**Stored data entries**
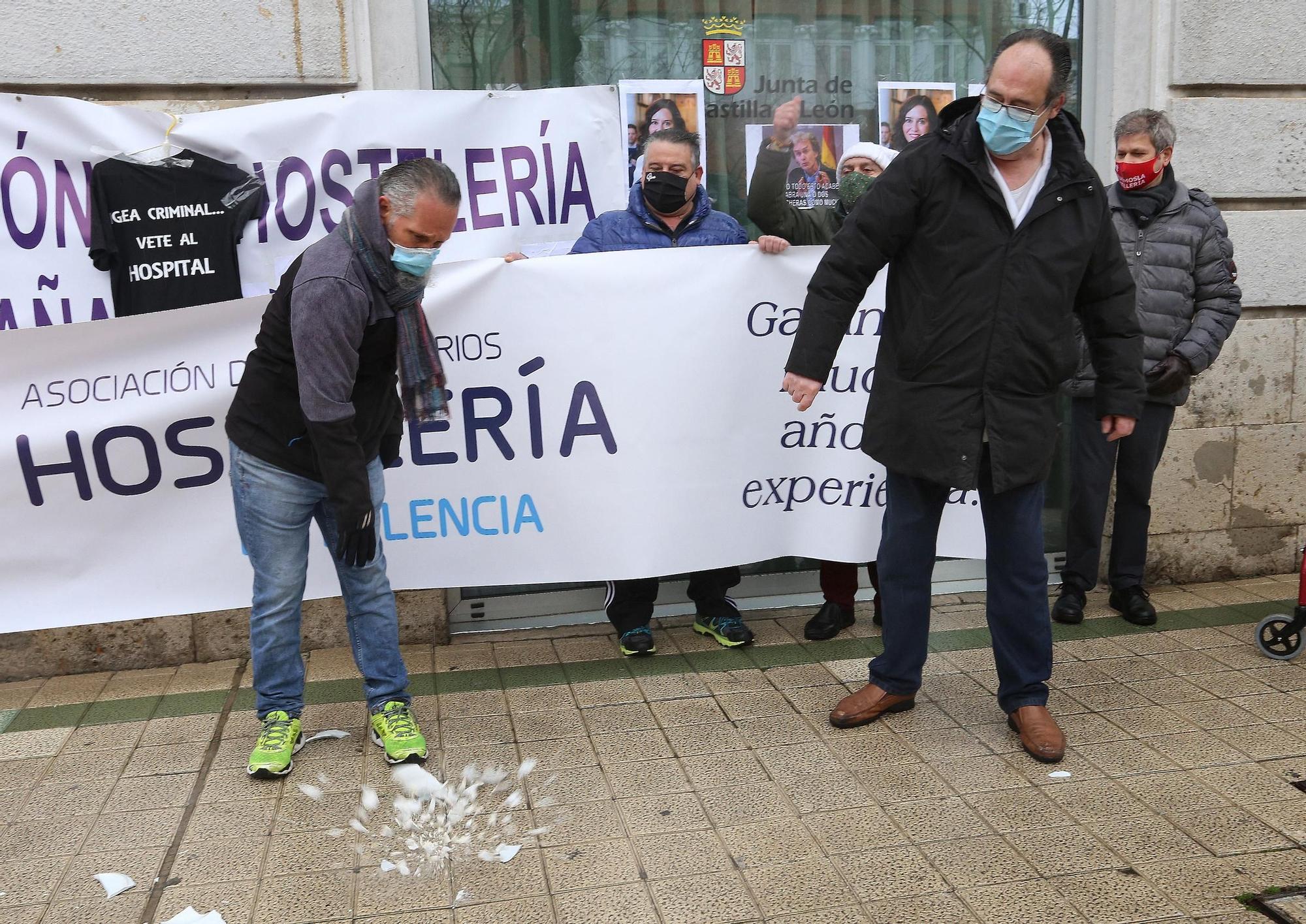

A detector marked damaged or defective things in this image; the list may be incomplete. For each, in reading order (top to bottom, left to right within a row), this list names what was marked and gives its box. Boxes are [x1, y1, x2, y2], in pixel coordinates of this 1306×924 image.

smashed plate [92, 872, 134, 893]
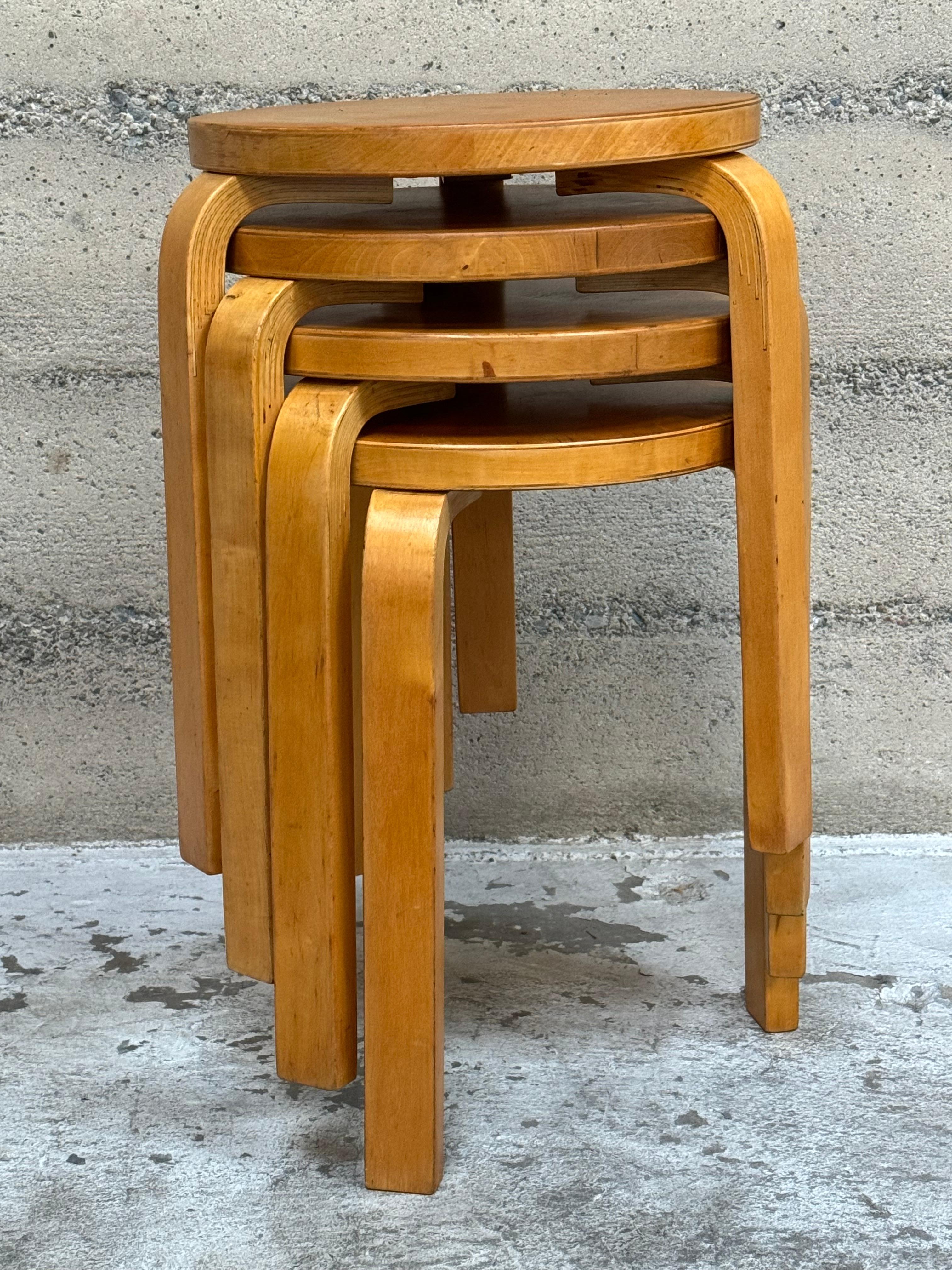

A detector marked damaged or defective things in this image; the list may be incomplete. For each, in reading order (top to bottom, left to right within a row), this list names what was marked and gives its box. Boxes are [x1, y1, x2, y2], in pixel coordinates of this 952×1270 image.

crack in concrete [2, 70, 952, 150]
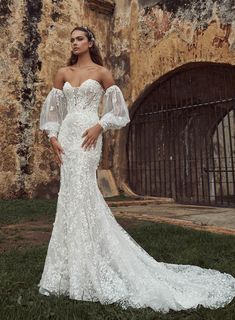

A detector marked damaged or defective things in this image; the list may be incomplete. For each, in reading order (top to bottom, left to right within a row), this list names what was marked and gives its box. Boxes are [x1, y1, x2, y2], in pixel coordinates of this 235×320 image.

cracked wall surface [0, 0, 235, 198]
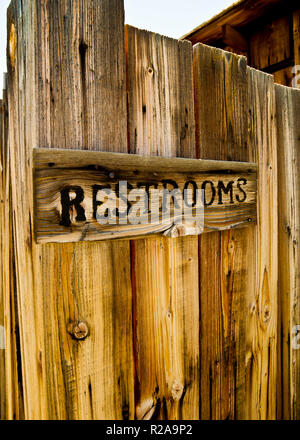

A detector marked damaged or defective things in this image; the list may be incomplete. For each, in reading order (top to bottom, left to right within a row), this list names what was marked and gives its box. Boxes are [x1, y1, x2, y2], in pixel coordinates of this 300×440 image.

splintered wood edge [33, 149, 258, 174]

**WORK TO BE COMPLETED**
Leave out the pictures, and please output only the lines from the line that contains "this 235×320 image." through the end of the data, both ends included.

**EXPECTED ANSWER**
A detector marked damaged or defective things in this image; the list may be incomplete. For each, in reading order (top to bottom, left to right within a row), this list names what was marked and gives its box. Boxes are [x1, y1, x2, y2], in pixel coordinates of this 235×320 image.

cracked wall surface [0, 0, 235, 198]

A detector marked damaged or defective things in this image; the list may be incomplete. For each, in reading order (top to bottom, left to right within a row), this list names what was marked and gives its box. Boxes are [x1, y1, x2, y2], in pixel coordinates of this 300×440 image.

splintered wood edge [33, 149, 258, 174]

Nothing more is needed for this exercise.